Barbara is almost always portrayed as an equal, a leader, or a mentor. She both leads and is relied upon by many superheroes. She is surrounded by supportive friends as well as her father, and she acts as a mentor and sometimes as a guardian to younger heroes. And she is involved (on-and-off) in a romantic and sexual relationship with the Robin to her Batgirl, Dick Grayson. All of this subverts a stereotype of women with disabilities as dependent, isolated, unable to care for young people, and lonely. It does, however, fall into a stereotype of women as intergenerational nurturers, who play less visible supportive roles, and are unduly interested in heterosexual romance. Similarly, she is sometimes drawn in a more sexualized manner, which destabilizes stereotypes of women with disabilities as asexual and unattractive, but perpetuates an unfortunate trend in mainstream superhero comics of the sexual objectification of female but never male characters. In short, we must be cautious about looking solely at representations of disability without also seeing how other identity categories might be impacted by them.
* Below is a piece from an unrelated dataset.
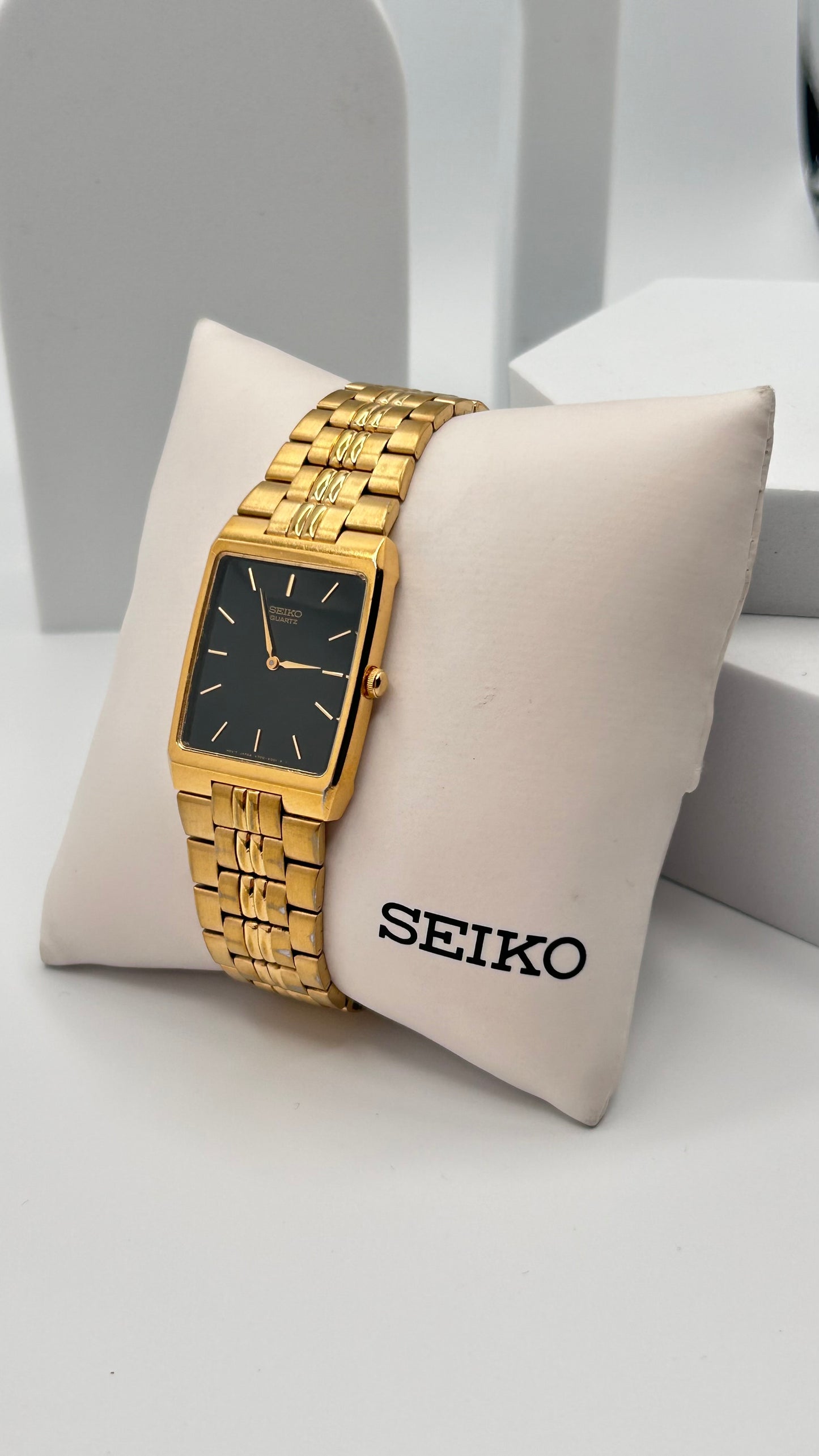 Vintage 1991 Seiko tank watch, 29mm size case, 8in size wrist bracelet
If we had more numerous and diverse representations of disability, the above would not be so problematic. Barbara/Oracle would just be one example of a disabled superhero, rather than carrying so much representational weight herself. But, in 2011, when DC Comics relaunched or rebooted their superhero titles, Oracle disappeared entirely. A “cured” Barbara was once again Batgirl. The new title was helmed by Gail Simone, who had written Barbara as Oracle for years in Birds of Prey. Simone’s Batgirl has survivor’s guilt over her “cure,” and also has post-traumatic stress disorder due to the home invasion and shooting by the Joker. “Cure” narratives, not infrequent in media representations of disability, are heavily criticized by disability theorists in their focus on changing a disabled person’s body rather than societal structures and cultural attitudes about disability. Reflecting the feelings of many fans of Oracle, one wrote,
“Disabled people are told that their bodies are wrong and that they should seek to be “cured,”… that they are foolish and selfish if they are proud of the way they are.…In Oracle, we had this disabled woman who was one of the most powerful people on the planet. Who flipped ableist and sexist narratives on their heads and said, ‘I am here, and I am not broken….’ In the reboot, we lost all of that”.
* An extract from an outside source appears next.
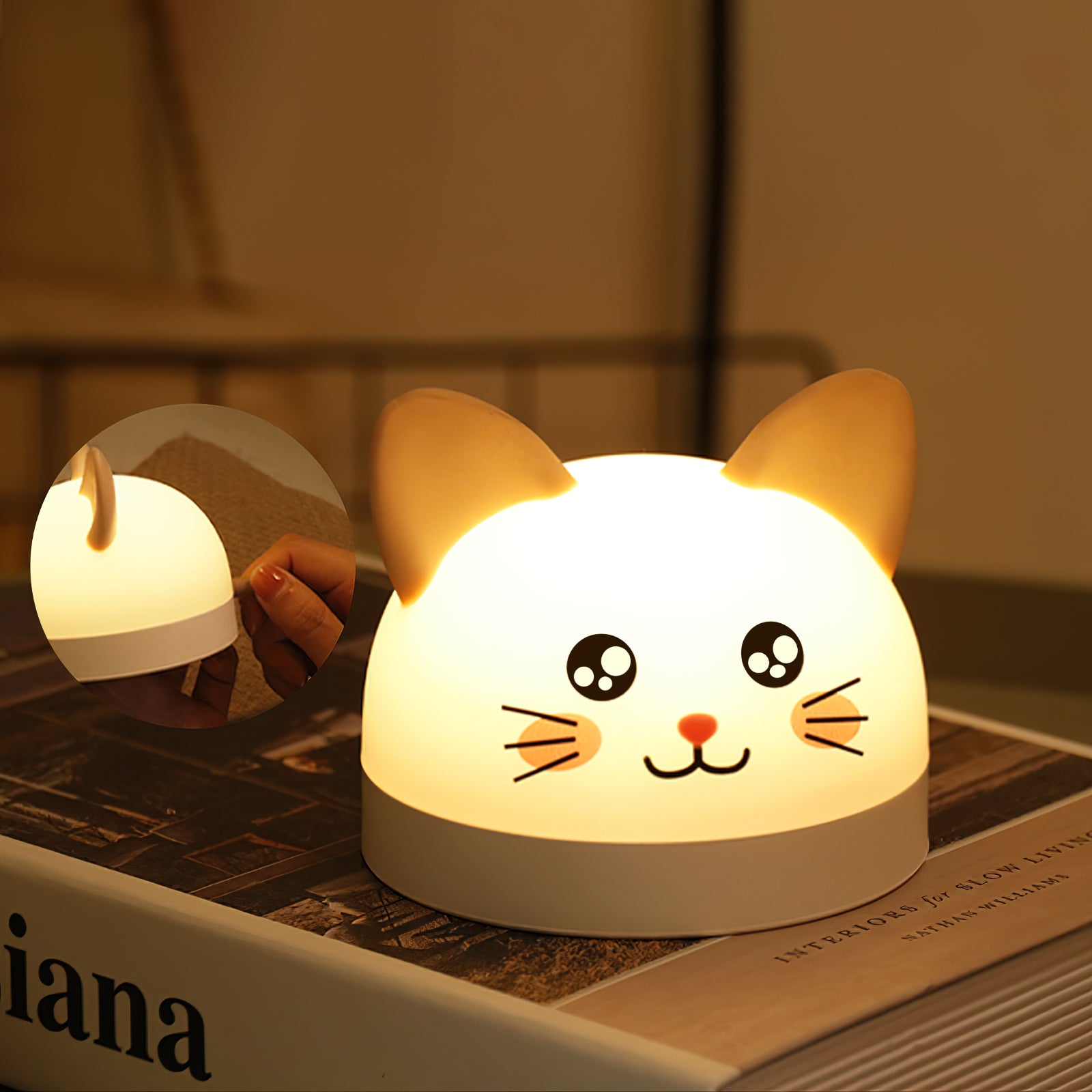 Cat Mouse Clock Night Light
Disabilities need to be represented realistically, with great diversity, and with images and text that challenge our perceptions of how we construct the category. Comics have been part of this process and can continue to be, if readers show with their words and with their dollars that such representations are relevant around the world. And of course they are, for in the end, we are all merely temporarily able-bodied.